ELYRIA — City employees will have to contend with a little less money being available for overtime this year as city officials are proposing to cut the overtime budget by at least 10 percent in every department as they attempt to carve $1.7 million from the 2013 budget.
Mayor Holly Brinda presented the final 2013 appropriations of the general fund — roughly $29.2 million — Monday night and said the budget is much less than what city department heads said was needed to run the city. With the repeal of the estate tax, cuts in the local government fund, a dip in income tax due to layoffs in the city and the cost of tearing down the former City Hall on Broad Street, Brinda said the city has roughly $1.7 million less to work with this year.
“The city is running pretty lean right now, so it becomes a question of how do we reallocate resources to best maximize the revenue,” she said. “Hopefully, people will see we are trying to spend our resources as efficiently and effectively as possible.”
The budget presented Monday to the Finance Committee did not include a breakdown of how the city will use the
$3.4 million windfall it received earlier this year from the state’s unclaimed funds office. The city has placed the money in the bank until City Council officials come up with a spending plan. Until then, officials have decided not to use the windfall to pay for normal budget matters that can’t be continued next year when that money is not there.
“Whenever Council decides how to spend it, we will set it up in a special fund so everyone can see the accounting of all the money,” said Finance Director Ted Pileski.
In addition to less overtime, Brinda recommended reducing office operations by 10 percent in all departments and denied 90 percent of the requests for capital improvements.
“We are only filling those requests that are truly necessary,” she said.
Pileski said the city is budgeted right up to what is expected to come in as revenue. What remains is a mere $41.

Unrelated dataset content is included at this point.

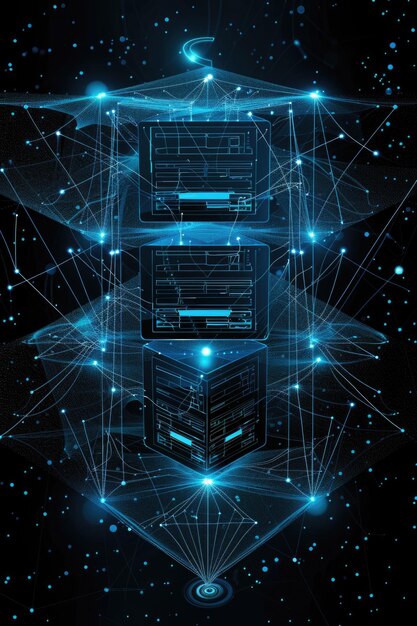 Una colección de computadoras apiladas en la parte superior de una torre de computadoras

Despite cutting $1.7 million from the budget, employees were saved because of the efforts in 2012 to bring in additional revenue. Adding more than $1.2 million to the bottom line last year helped the city meet the budget this year, Brinda said.

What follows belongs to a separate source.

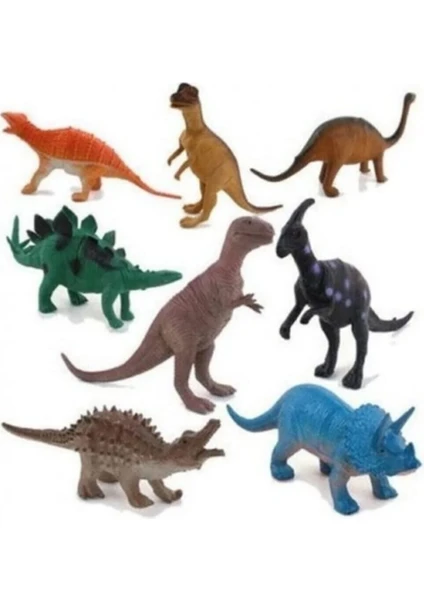 Berat Toys Berattoys 8 Parça Dinazor Seti Oyuncak Dinazorlar Trex Hayvan Seti Oyuncak Hayvanlar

“Trying to control cost all year really helped out,” she said.
Finance Committee Director Vic Stewart, D-at large, said the city will have to examine what to do about the capital improvement requests that were denied. But it’s obvious this year’s budget could not handle additional spending.
“It was a pretty lean budget, but we had to manage and make the cuts,” Stewart said.
Brinda said there may be more cuts this year as the city is weeks away from getting a performance audit back from the state auditor’s office.
“I do anticipate that we will have to do more cuts,” she said. “I’m certain we will end up implementing some of the recommendations from the performance audit.”